On August 30, a 22-year-old pregnant woman died after being set on fire at her in-laws’ house in east Delhi’s Pandav Nagar. Savita succumbed to severe burn injuries on the same day.
Her family members alleged that she was burnt to death by her husband Pramod and in-laws for dowry. Her in-laws, however, refuted the allegations claiming that she committed suicide. They said even Pramod suffered minor burn injuries while “trying to save her”.
Savita’s sister Anita alleged that Savita’s in-laws poured petrol on her and set her on fire. “Savita called me on August 30 to tell me that her life was in danger, but I did not take her seriously,” says Anita.
A case was filed with Mandawali police station, and a sub-divisional magistrate is conducting a probe into the death.
All these atrocities are reported despite the government prohibiting dowry through the Dowry Prohibition Act, 1961. Women’s rights activists, however, say that the act was never properly implemented. “Prohibition officers were supposed to have been appointed, but nothing happened and young women continue to be killed,” says Ranjana Kumari, director of Centre for Social Research.

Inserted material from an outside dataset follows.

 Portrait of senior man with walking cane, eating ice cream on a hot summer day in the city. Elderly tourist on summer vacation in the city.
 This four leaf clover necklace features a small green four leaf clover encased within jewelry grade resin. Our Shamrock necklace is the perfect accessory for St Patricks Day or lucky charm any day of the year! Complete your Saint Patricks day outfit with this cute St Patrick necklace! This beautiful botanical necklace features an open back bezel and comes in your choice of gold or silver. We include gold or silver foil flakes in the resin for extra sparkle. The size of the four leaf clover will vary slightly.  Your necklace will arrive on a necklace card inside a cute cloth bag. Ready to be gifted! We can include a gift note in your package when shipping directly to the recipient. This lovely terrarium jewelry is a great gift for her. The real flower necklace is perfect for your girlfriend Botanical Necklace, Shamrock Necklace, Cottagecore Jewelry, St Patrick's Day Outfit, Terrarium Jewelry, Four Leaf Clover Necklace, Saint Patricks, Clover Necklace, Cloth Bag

In 1986, the Indian Penal Code was amended to include section 304-B over murders following harassment for dowry. Section 498-A was also added to define harassment and cruelty by husband and his relatives. Despite stringent laws, 8,233 women were killed in dowry related crimes across the country in 2012.
Taking stock of the issue, the Supreme Court ruled in June 2012 that a sentence lesser than life term cannot be awarded to convicts for heinous offences such as dowry death where the victim is killed in a brutal manner.

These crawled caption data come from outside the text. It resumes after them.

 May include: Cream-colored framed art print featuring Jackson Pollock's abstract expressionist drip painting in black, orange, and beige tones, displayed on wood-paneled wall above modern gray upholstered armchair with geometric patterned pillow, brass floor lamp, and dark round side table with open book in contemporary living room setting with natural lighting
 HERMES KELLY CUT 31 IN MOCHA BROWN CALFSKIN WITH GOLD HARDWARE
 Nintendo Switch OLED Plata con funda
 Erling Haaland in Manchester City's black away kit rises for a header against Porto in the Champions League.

The Union Women and Child Development ministry has also been seeking life term for those convicted in dowry death cases.
In one of the most infamous cases, 25-year-old Pravartika Gupta and her 13-month-old daughter Idika were set on fire at their house in south Delhi’s Sarojini Nagar in October 2012.
Pravartika died at Safdarjung Hospital eight days after the attack, which also left her daughter with 55 per cent burns. It was alleged that Pravartika’s husband Ashutosh Gupta and father-in-law Ram Mohan Gupta set them on fire while they were sleeping.
She managed to make a statement to a magistrate shortly before she succumbed to her injuries. Her father Shamveer told police that her in-laws were torturing her mentally and physically over a dowry demand of Rs 10 lakh.